3. Why a Company Contracts Review Matters. Even if a business has operated well with its current third-party contract forms, future company investors or buyers will definitely do a “deep dive” into their legal and business details and potential issues. Those details may either relate to legal compliance issues or to contract terms that are unfavorable to the business. These terms might include the term and termination, the parties’ respective payment and other obligations, exclusive dealing, noncompete, confidentiality and other covenants, indemnification and even legal remedies (including boring or “boilerplate” terms relating to governing law, legal fees and where litigation can be commenced). To the extent a company can change or re-negotiate any unfavorable third-party contracts prior to raising capital or selling the business, substantial additional value may be realized. Mitigating a business’ perceived risks is the fastest and easiest way to improve its valuation multiple, and vendor, customer and other third-party relationships and contracts are a critical area of mitigating risk and improving the company’s perceived value.

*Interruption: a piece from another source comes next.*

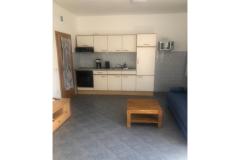 Apartmaji Vidovic Apartma 1 – Ap. 1 foto 5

4. How to Assess a Company’s Contracts. Seller “self” or “reverse” due diligence should include a review of its standard and more significant third-party contracts. This review might be done by in-house counsel, outside counsel, or other industry professional advisors. The review will not only identify risk factors that will certainly be considered by an investor or buyer, but it may reveal opportunities to re-negotiate existing contracts and improve contract forms going forward. This is about both business (customer “stickiness”, renewals, cost containment, and pricing) and legal issues, both of which should lead to company value enhancement.

5. A Side Note on Software and Technology Services Contracts. Some business models rely entirely on software licensing or technology services, and many traditional businesses have supplemented their core business with software and technology services, or even outsourced research and development, supply, sales, distribution and manufacturing management services. These services often involve contracts governing the licensing and ownership of software and other intellectual property, technical specifications, maintenance and service-level and other obligations, not to mention liability limitations, indemnification and obligations around data privacy and security. Suffice it to say that, whether software licensing or technology services are a company’s core business or an add-on product or solution, special attention needs to be paid to these contracts to mitigate company risk and protect company intellectual property.

Take-Away: Don’t Take Your “Old” Contracts for Granted

A large portion of any investor’s or buyer’s due diligence of any company will focus on vendor, supplier, customer and other third-party contracts, including leases, licenses, and any contracts containing restrictive covenants, exclusive dealing and extraordinary obligations or liability exposure. Reviewing all of these contracts, anticipating investor or buyer concerns, and considering changes to improve their terms will go a long way to mitigating a company’s perceived business and legal risk and enhancing its valuation multiple and ultimate valuation in a capital raise or sale.